Quel étrange paradoxe. La tradition a retenu pour titre Manon Lescaut alors que l’auteur l’avait intitulé, certes un peu longuement, Histoire du Chevalier Des Grieux Et de Manon Lescaut.

Paradoxe en ce sens que l’auteur place en premier le chevalier et que c’est effectivement lui le personnage principal, et que la belle Manon, personnage clé, il est vrai, n’est que le personnage secondaire. On a bien retenu Tristan ET Iseult, Roméo ET Juliette. Pourquoi pas des Grieux ET Manon Lescaut ?

Bref, vous aurez compris qu’il s’agit d’une histoire d’amour, que le mot du titre  » histoire de  » suggère un récit romanesque, celui-là même est à la première personne.

Pour ce qui est du contenu, l’abbé Prévost décrit « les infortunes de la vertu », où notre chevalier est un preux chevalier, par contre, sa dulcinée, sans être une nymphomane, aime un peu trop le confort et le luxe pour accepter stoïquement son sort lorsque sa bourse est vide.

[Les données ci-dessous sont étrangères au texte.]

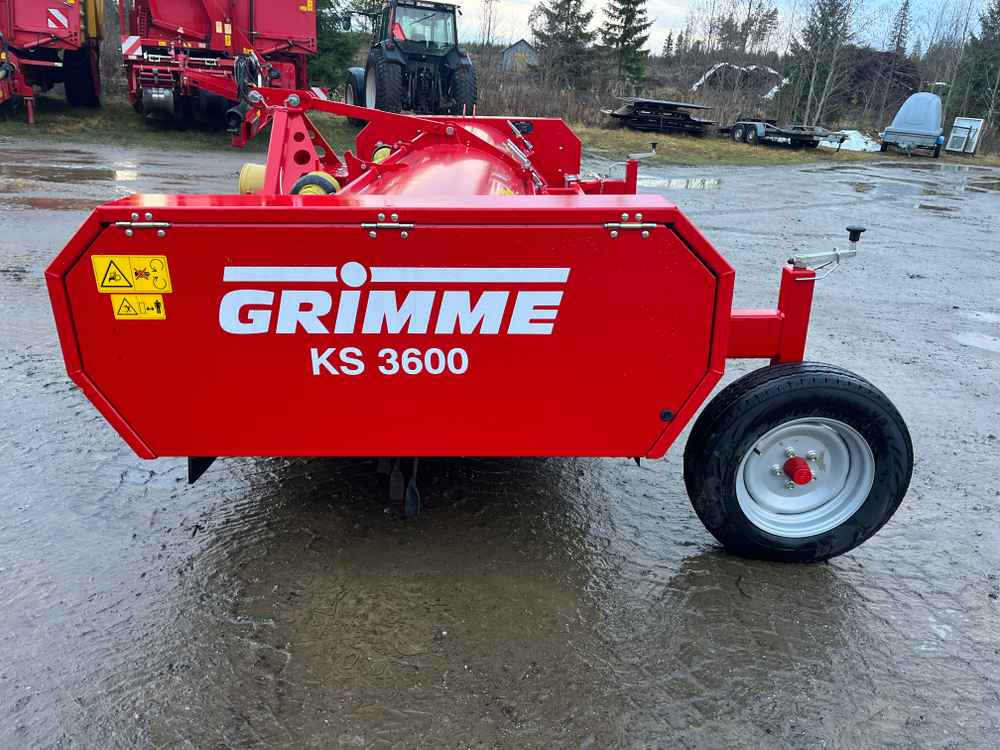 Grimme KS 3600 - Saagikoristusmasin: pilt 5 Grimme KS 3600 - Saagikoristusmasin: pilt 5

N’ignorant pas ses atours, la belle Manon, n’hésite jamais à faire crépiter le cœur d’un riche mécène quitte à faire rugir de jalousie le brave des Grieux.

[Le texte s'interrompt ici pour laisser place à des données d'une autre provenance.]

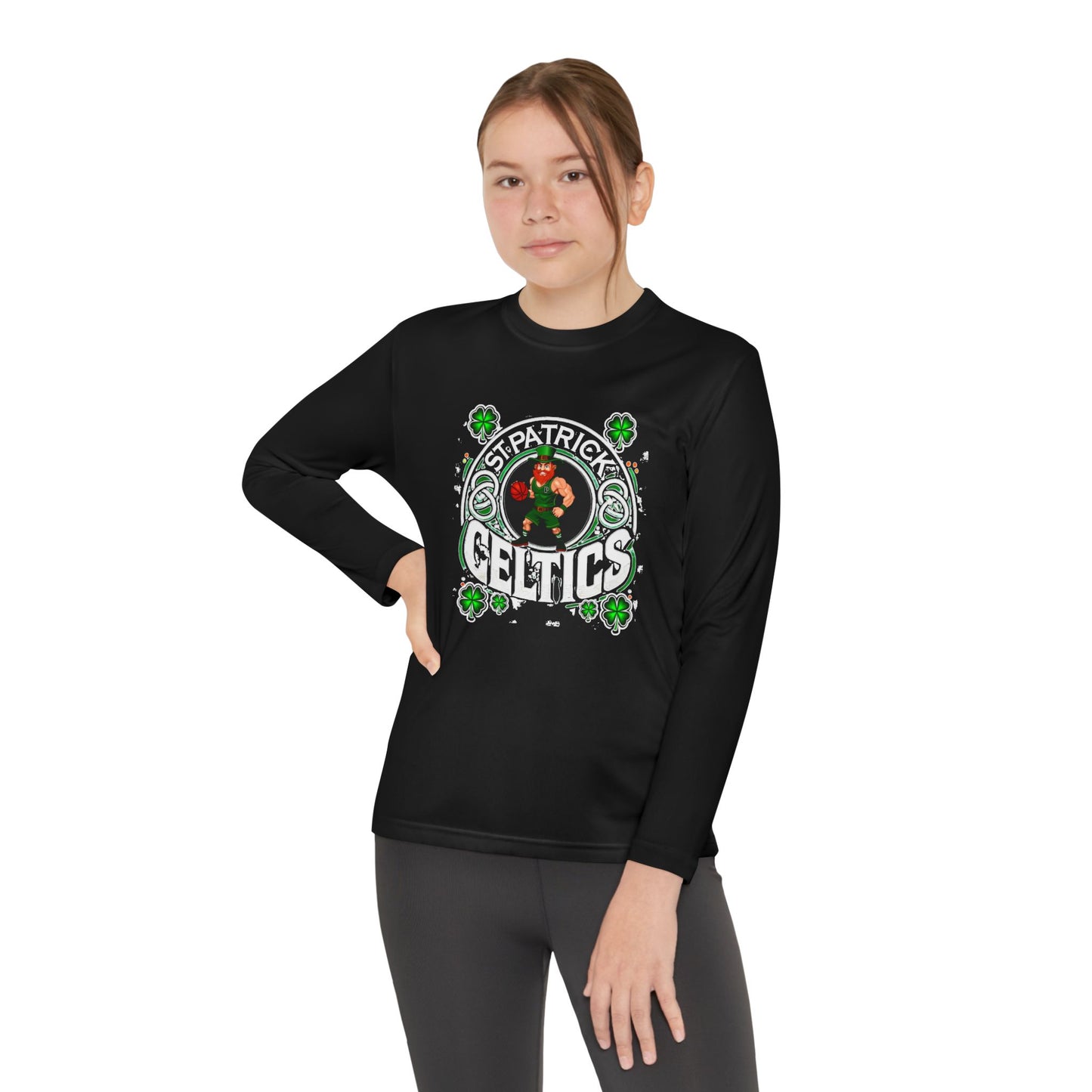 Basketball Shooting Shirt Youth Competitor Tee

Celui-ci emploie donc toute sa chevalerie pour faire échec aux amants et récupérer sa frivole amante. Les riches souteneurs bernés ont souvent le bras assez long pour créer des embarras au malheureux couple, lesquels embarras se traduisent souvent par des séjours en prison, lesquels séjours appellent à leur tour des évasions rocambolesques.

Notre pauvre chevalier, tiraillé entre un amour immodéré pour la belle Manon et les appels du pied de la morale ne sait trop quelle conduite tenir et récolte moult mésaventures à vouloir s’accrocher à sa venimeuse amante.

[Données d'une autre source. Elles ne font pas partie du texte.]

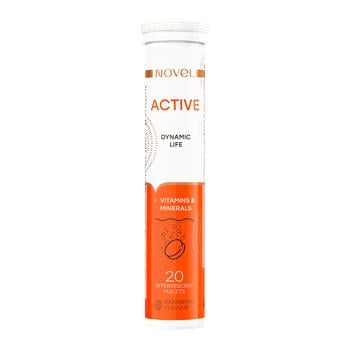 Novel Active Effervescent Vitamins #20 - buy, prices for NOVUS - photo 2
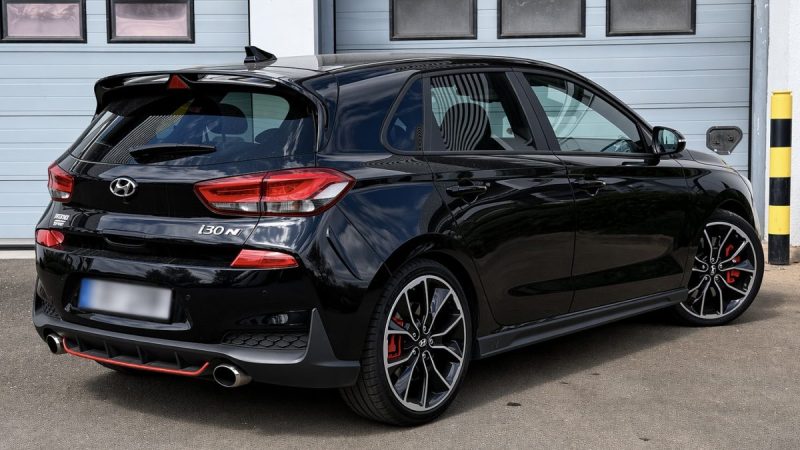 HYUNDAI i30 N PERFORMANCE – 275ch – 2018 – 55 000 km - Suivi Hyundai - Garantie 12 Mois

Le tour de force de l’auteur réside dans le fait qu’il parvient à nous rendre Manon très attachante, car, bien que notoirement infidèle, elle n’en est pas moins amoureuse de son chevalier et présente par moments une noblesse de caractère indéniable.

D’un point de vue de l’histoire de la littérature, cette œuvre marque indéniablement quelque tournant car la morale est particulièrement maltraitée avec ces deux amants qui, épris de liberté, transgressent tous les codes de la société de cette époque

Passant tour à tour, et du jour au lendemain, de la fortune à la misère, du boudoir à la prison, de Paris à la déportation, de l’exil à la mort, des Grieux et Manon n’ont qu’une excuse : l’amour, ce sentiment qui fait oublier que tous deux mentent et volent, que le premier triche et tue ou que la seconde se prostitue.

C’est ainsi que Montesquieu comprend, peu après sa publication, le succès de ce roman : « J’ai lu le 6 avril 1734, Manon Lescaut, roman composé par le P. Prévost. Je ne suis pas étonné que ce roman, dont le héros est un fripon et l’héroïne une catin qui est menée à la Salpêtrière, plaise, parce que toutes actions du héros, le chevalier des Grieux, ont pour motif l’amour, qui est toujours un motif noble, quoique la conduite soit basse ».

Le roman a d’abord scandalisé, et a été interdit de publication. On se plaignait que de mauvaises conduites ne fussent pas assez clairement condamnées, mais semblassent justifiées par le sentiment de l’amour. Beaumarchais (1731), puis surtout Pallissot (1767) et Sade en feront cependant l’éloge ; le troisième admire la façon dont l’abbé Prévost a maintenu constant l’intérêt du lecteur pour le sort de Manon (peinte, dit-il, avec tant de naturel), et fait d’elle le précurseur de la Julie de Jean-Jacques Rousseau.

A titre personnel, j’ai adoré ce roman que je recommande vivement.